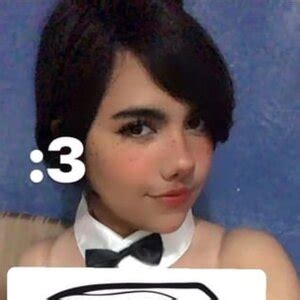 Dulce Dohma Aka Homelander Wife Nude Leaks Fapellas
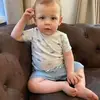 Frank Demeutter - @frank.demeutter - TikTok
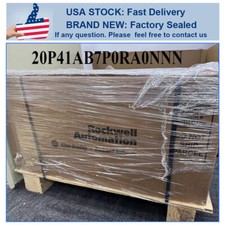 20P41AB7P0RA0NNN Module, PLC, LCD, Board, Controller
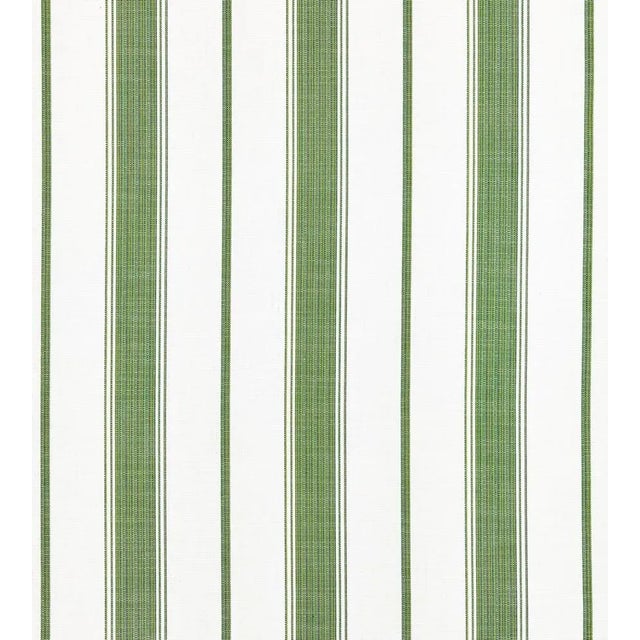 Scalamandré is a heritage American textile brand rooted in luxury and high-end design since its inception in 1929. Founder...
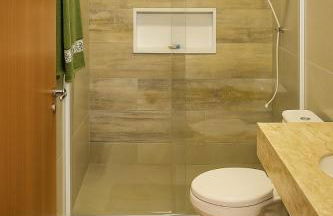 Casa Passarim em Bonito - Foto 31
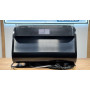 Professionele koffiemachine Dalla Corte DC Pro 2GR gebruikt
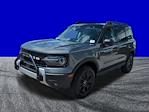 2025 Ford Bronco Sport 4WD SUV for sale #FS1062 - photo 8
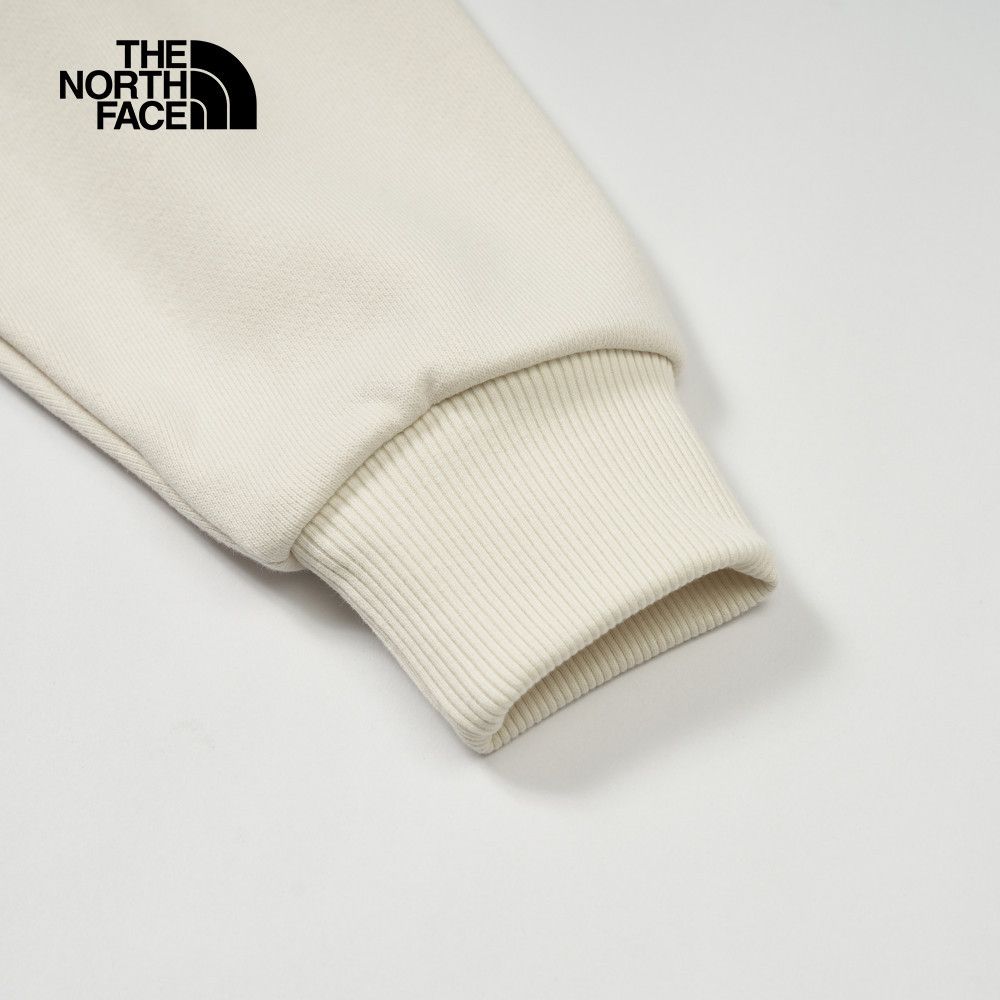 Kazuki Kuraishi × The North Face Urban Exploration KK HEAVY WEIGHT KNIT PULL OVER Size US M / EU 48-50 / 2 - 5 Thumbnail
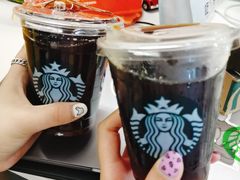 -星巴克臻选(深圳万象天地旗舰店)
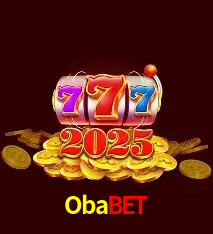 Slots no Site Obabet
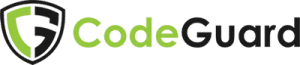 CodeGuard Website Backup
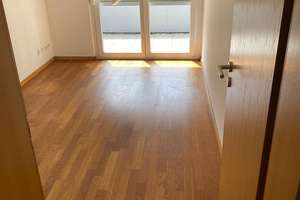 Haus im Haus – Exklusive Maisonette mit Garten/Terrasse  in begehrter Lage von Fellbach – Rommelshausener Str. 25, 70734 Fellbach – Vorschaubild 6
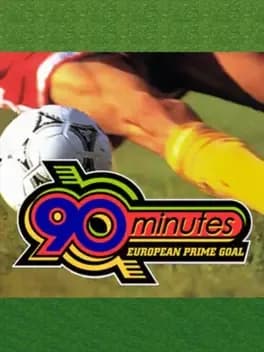 90-minutes-european-prime-goal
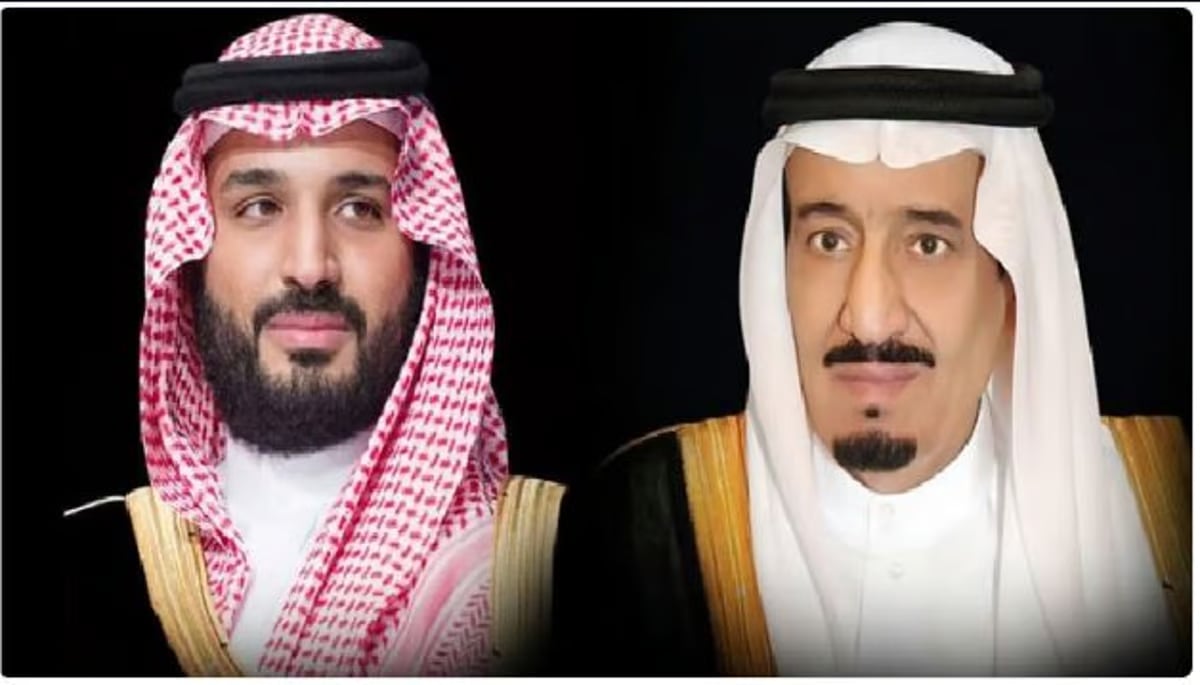 وزراء «الشؤون الإسلامية» و«الثقافة» و«الرياضة» و«النقل» يرفعون التهنئة للقيادة الرشيدة بمناسبة يوم التأسيس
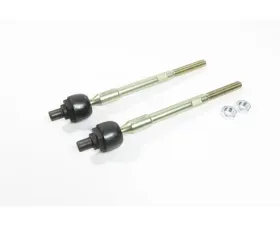 Megan Racing Inner Tie Rod End Nissan 240SX S14 1995-1998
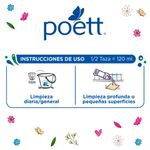 Limpiador-Desinfectante-De-Pisos-Poett-M-sica-En-Primavera-1-8-L-4-858638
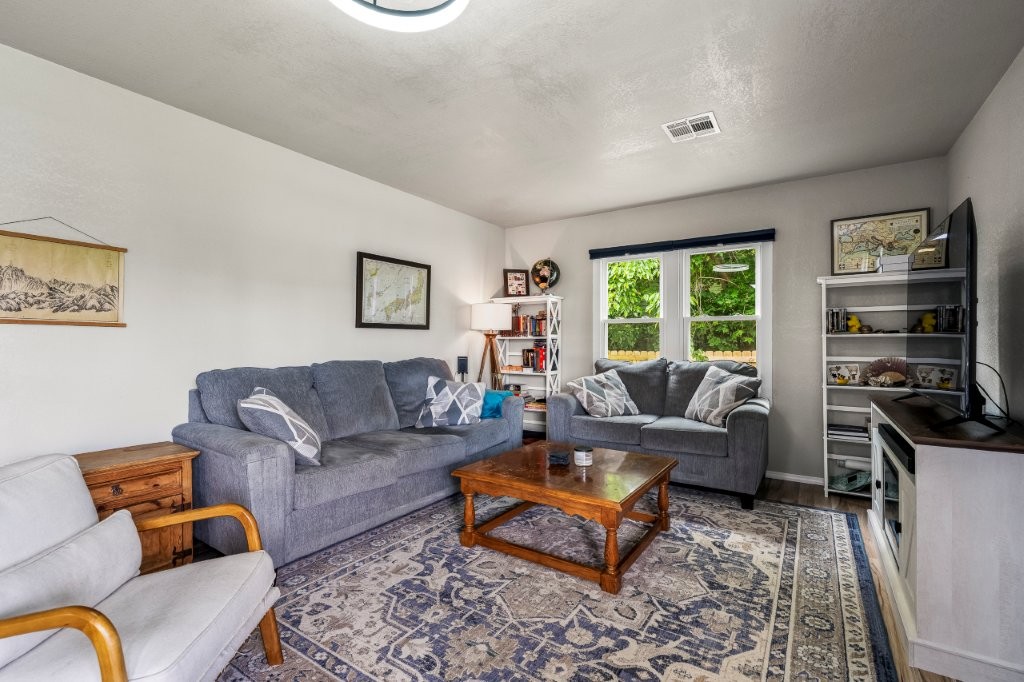Felkers Sub Rogers - Residential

──────

[Activity]:
Through to the final line, copy the material above exactly and skip the images.

[Written response]:
 Dulce Dohma Aka Homelander Wife Nude Leaks Fapellas
 Frank Demeutter - @frank.demeutter - TikTok
 20P41AB7P0RA0NNN Module, PLC, LCD, Board, Controller
 Scalamandré is a heritage American textile brand rooted in luxury and high-end design since its inception in 1929. Founder...
 Casa Passarim em Bonito - Foto 31
 Professionele koffiemachine Dalla Corte DC Pro 2GR gebruikt
 2025 Ford Bronco Sport 4WD SUV for sale #FS1062 - photo 8
 Kazuki Kuraishi × The North Face Urban Exploration KK HEAVY WEIGHT KNIT PULL OVER Size US M / EU 48-50 / 2 - 5 Thumbnail
 -星巴克臻选(深圳万象天地旗舰店)
 Slots no Site Obabet
 CodeGuard Website Backup
 Haus im Haus – Exklusive Maisonette mit Garten/Terrasse  in begehrter Lage von Fellbach – Rommelshausener Str. 25, 70734 Fellbach – Vorschaubild 6
 90-minutes-european-prime-goal
 وزراء «الشؤون الإسلامية» و«الثقافة» و«الرياضة» و«النقل» يرفعون التهنئة للقيادة الرشيدة بمناسبة يوم التأسيس
 Megan Racing Inner Tie Rod End Nissan 240SX S14 1995-1998
 Limpiador-Desinfectante-De-Pisos-Poett-M-sica-En-Primavera-1-8-L-4-858638
Felkers Sub Rogers - Residential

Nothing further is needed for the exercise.